Grandmothers come in all sorts, some are delighted when the new generation arrives… others, not so much. I had one grandmother who delighted in me as a child, smothered me with affection, and loved spending time with me.
My other one didn’t.
But, love has many facets. Some people show affection easily… others don’t. Some people like you, and others don’t. Love is caring and it is possible to love someone you don’t especially like. My mother’s mother didn’t like young children all that much. I was the first in my generation, and she wasn’t ready to be a grandmother. In fact, I think she detested being called any term related to that stage of life. (This blog is not going to be all negative or disrespectful to my mother’s mother. I promise to pull it out.)
My mother’s mother preferred to be called Booger. And so, that’s what I called her all the days of her life, and so did my siblings and cousins. She acquired this nickname when my mother was a child, Mama gave it to her. Mama told me that when she was little, people often referred to her as You Little Booger (could have been her older sisters). Anyway, she thought it was a term of endearment and started calling her mother, Booger. The name stuck… Can’t tell you how many times I’ve had to explain why I called my mother’s mother Booger instead of the name that most women consider the crowning glory of motherhood.
I do not remember Booger ever holding me, playing with me, or showing any form of affection when I was a child. When we came to visit, I had to sit on my hands on the window-seat… and not move.
Booger didn’t not approve of my mother and father’s marriage, and I was a result of that union. Mama hoped someday Booger would feel okay towards me. And, eventually she did… after I married and moved away. When I came home for a visit, she was always glad to see me and greeted me with a hug, kiss on the cheek, and a smile that lit up her eyes. And when I began to write, she was pleased.
Over the years, she had more to offer than affection. She was an artist with a degree in art from Baylor University.

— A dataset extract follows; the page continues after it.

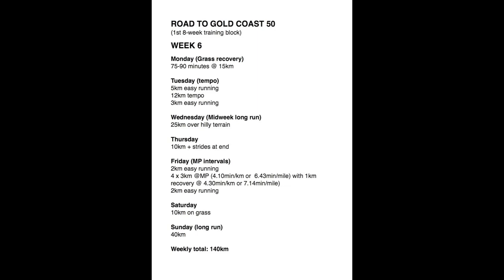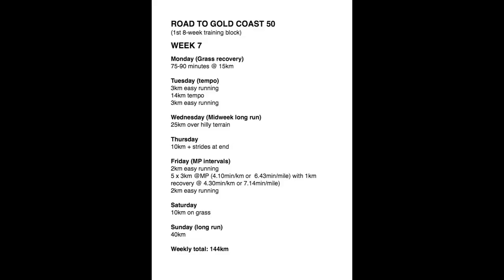The second four weeks of that first eight week training block would have looked fairly similar to the first four weeks, except I would be doing it for three consecutive weeks of higher intensity. I'd still be doing the tempo and marathon specific pace each week — two higher intensity sessions per week. The tempo I would have increased in distance over those three weeks from eight kilometres up to around 14 to 15 kilometres. For the marathon pace sessions I would have increased to five sets with shorter recoveries, still sticking to around that 20 to 22 kilometre distance. The long run distance would have increased to around 40 kilometres, continuing the medium midweek long run over hilly terrain, and keeping the grass recovery session on Monday.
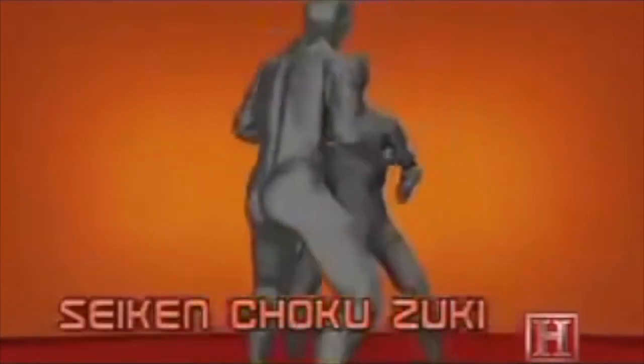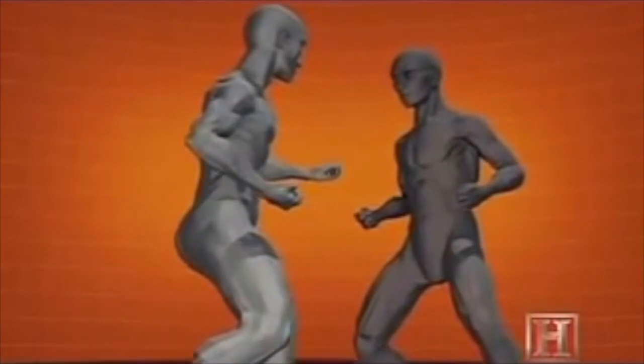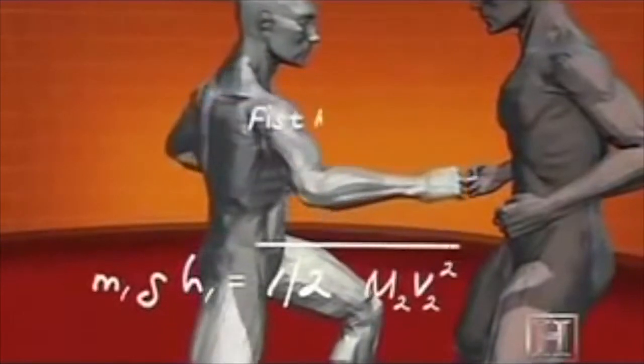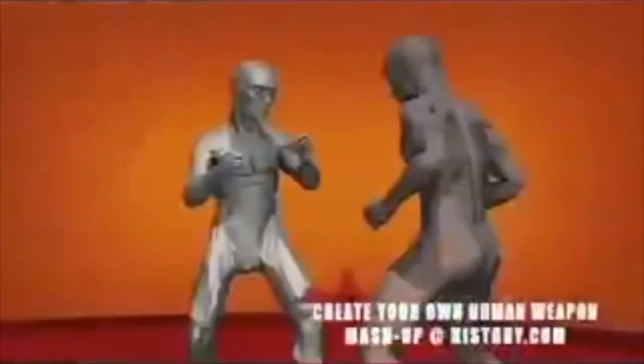The key is rotating your fist 180 degrees right before it strikes the intended target. The twisting snap of the arm maximizes the speed of the punch and magnifies the force of the blow by concentrating the impact on the first two knuckles of your hand. Done correctly, it can deliver as much energy as a bowling ball dropped from the top of a house — more than enough to cause soft tissue damage or break a rib.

And she loved to garden. She arranged flowers and made corsages. She had an extensive library in her home that was open to me. So, I watched Booger paint and learned from her. I watched her garden, and learned from her. I read her books and loved them… everything about them. She had sets of classics bound in leather. I loved to run my fingers over the spines and fondle the pages.
She introduced me to the beauty of nature and fostered my creativity. I know enough about art to enjoy drawing and painting. I know enough about gardening to enjoy plants and flowers. I can arrange bouquets and make corsages. And, I love books, touching them, reading, them, and writing them. The affection I received from my other grandmother lives on in sweet memories, but I put Booger’s legacy to use every day…
Grandmothers come in all sorts. And the gifts they give their grandchildren are uniquely individual and priceless.